26.9.04

Sunday Life

`Loyalists at war: Squalid death of a 12-times killer

26 September 2004

THE UDA's top assassin was left to die from a huge drugs overdose - an exile from the Shankill Road, after refusing to back Johnny 'Mad Dog' Adair in his bid to wipe out the UVF.

As Adair was plotting to suck the UVF into a feud with the UDA in the summer of 2000, Stephen McKeag - nicknamed 'Top Gun' for his murderous exploits - was allowed to return to the lower Shankill, after having earlier been expelled for involvement in a series of fights in loyalist shebeens.

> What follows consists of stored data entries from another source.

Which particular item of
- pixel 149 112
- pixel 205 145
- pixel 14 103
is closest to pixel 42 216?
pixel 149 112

McKeag, whom security sources believe was responsible for at least a dozen murders - his former comrades say it was more - had fallen out with the 'C' company leadership of Adair and Gary 'Smickers' Smith, who were jealous of the macabre celebrity status given to the UDA's 'Top Gun'.

When the blood-letting erupted in August 2000, McKeag infuriated Adair and his cronies by informing them that he would take no part in the internecine fighting, and they beat him up.

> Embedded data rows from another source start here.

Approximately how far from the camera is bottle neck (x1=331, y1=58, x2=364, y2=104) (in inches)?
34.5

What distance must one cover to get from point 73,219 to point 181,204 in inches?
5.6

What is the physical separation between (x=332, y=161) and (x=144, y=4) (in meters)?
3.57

Hearing this, the UVF told its units that McKeag was not a target and should be left alone - leaving the UDA's Number One killer of the 1990s an isolated and depressed figure.

McKeag died on the night of Sunday, September 24, at his home off the Crumlin Road, in the most sordid and inglorious of circumstances.

His family found him lying face down on his living room floor; his face heavily bruised from the fall.

Inexplicably, a crossbow bolt was wedged into the wall above his body.

At first, McKeag's family believed their son had been murdered, either by the UVF or, more likely, in some family members' minds at least, by former comrades in 'C' company.

However, the inquest into his death found he had died from a drug overdose, having consumed a lethal cocktail of cocaine and painkillers he had been on since a motorbike smash, two years earlier.

On the lower Shankill estate, there is one mural the UDA has not dared destroy or erase - the painting celebrating the life and squalid death of Stephen McKeag.

Because he had fallen out of favour with Adair - even before the UVF feud, and because of his legendary status as a UDA assassin - the mural remains.

When McKeag died, tributes poured in from all over Northern Ireland.

Two days after he was found, 59 separate death notices appeared in the Belfast Telegraph; the following day a further 120 were printed.

They lavished praise on the UDA's serial killer, and expressed a deep sense of loss.

The short verses and terse expressions of grief illuminate how a fractured, sectarian community copes with the atrocities and pain of its "own" and inflicted on the "other" - sentimentality and denial.